(Web page caption snippets)

========

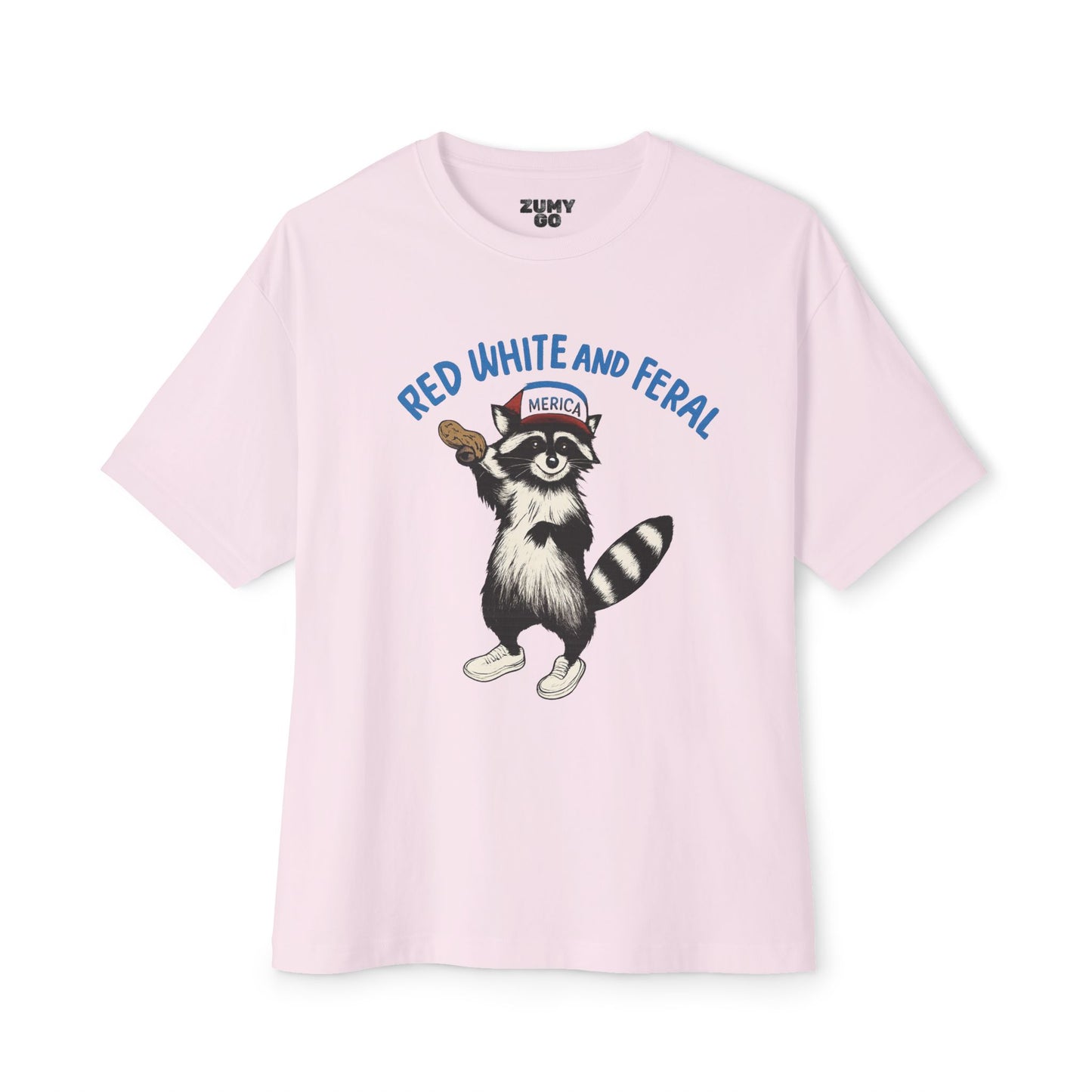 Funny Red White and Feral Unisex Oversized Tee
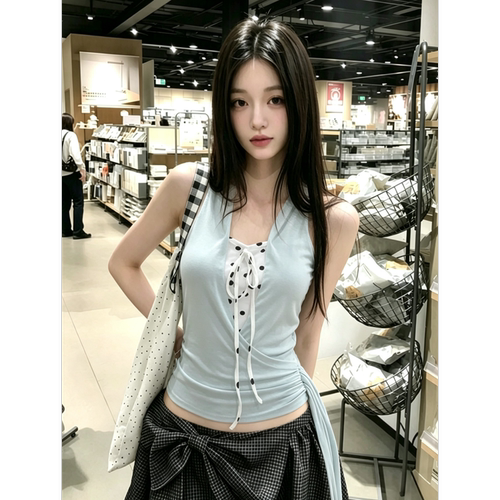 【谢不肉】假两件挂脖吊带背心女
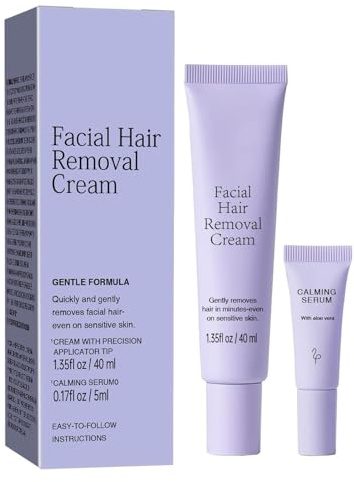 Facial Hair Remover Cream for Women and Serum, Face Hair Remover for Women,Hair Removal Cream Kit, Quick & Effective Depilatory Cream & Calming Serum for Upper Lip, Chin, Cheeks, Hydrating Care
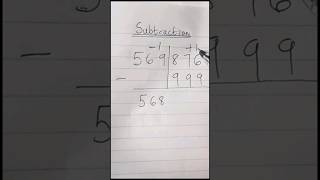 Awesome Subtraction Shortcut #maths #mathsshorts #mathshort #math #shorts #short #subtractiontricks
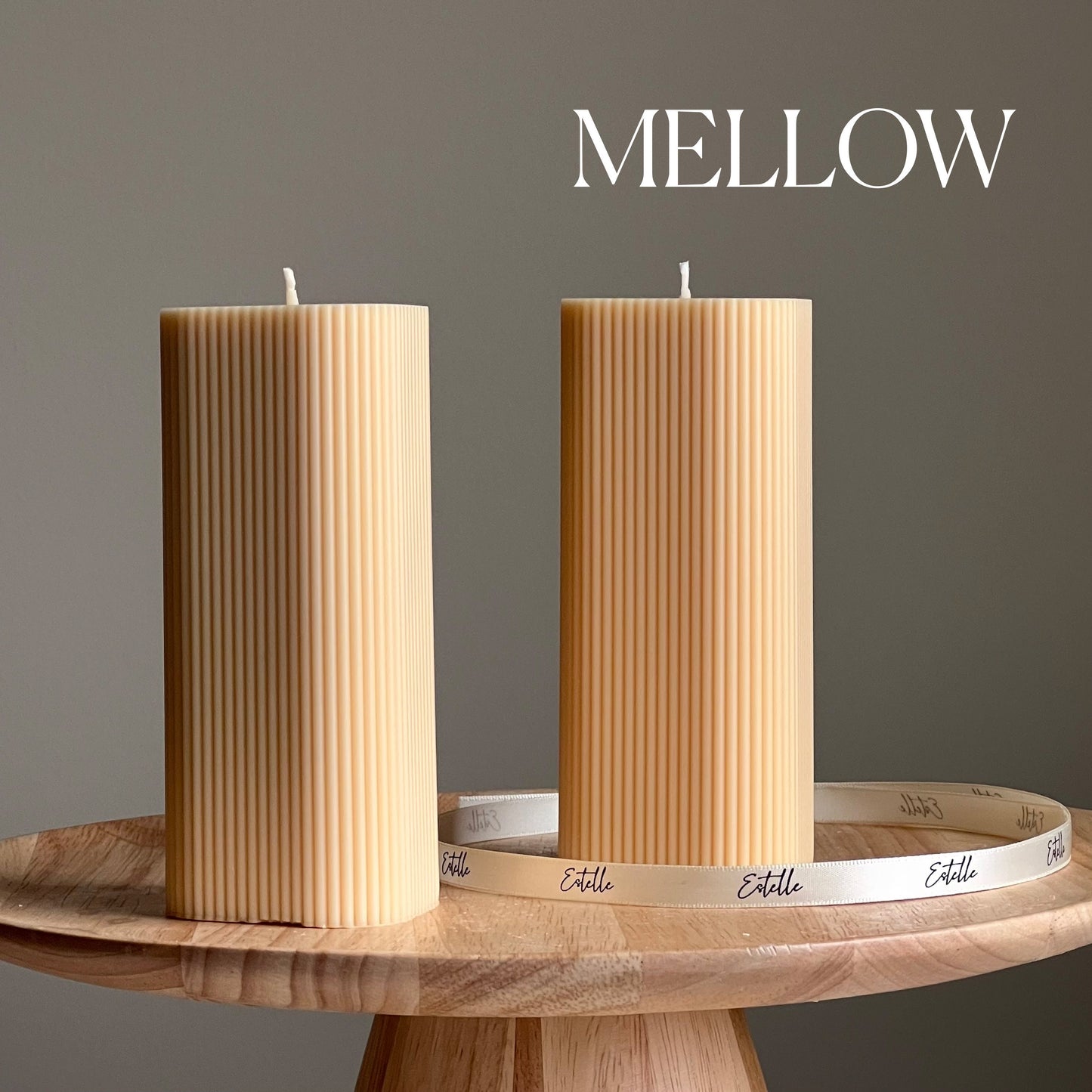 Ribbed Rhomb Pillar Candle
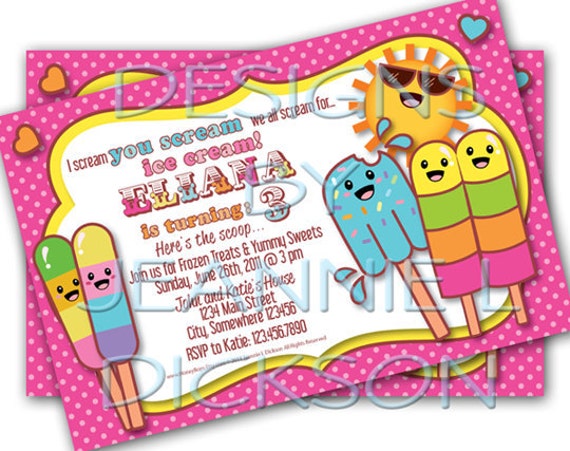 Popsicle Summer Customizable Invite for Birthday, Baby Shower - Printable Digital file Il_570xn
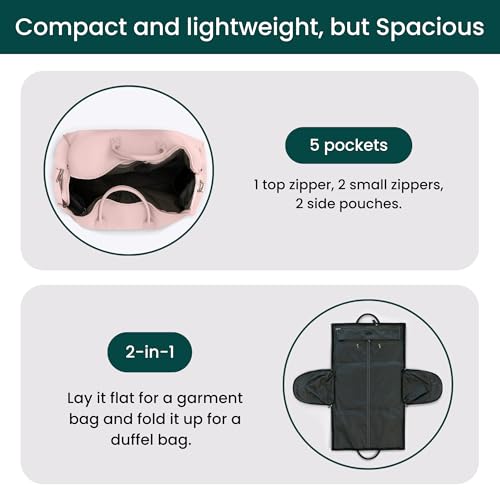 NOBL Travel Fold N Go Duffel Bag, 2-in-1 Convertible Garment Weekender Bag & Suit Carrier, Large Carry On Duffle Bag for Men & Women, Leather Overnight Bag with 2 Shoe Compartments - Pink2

========

WORK TASK ->
Quote word for word only the lines above from the one containing "Awesome Subtraction Shortcut" through the one containing "Popsicle Summer Customizable". Pictures stay out of your copy.

REPLY TO THE EXERCISE ->
 Awesome Subtraction Shortcut #maths #mathsshorts #mathshort #math #shorts #short #subtractiontricks
 Ribbed Rhomb Pillar Candle
 Popsicle Summer Customizable Invite for Birthday, Baby Shower - Printable Digital file Il_570xn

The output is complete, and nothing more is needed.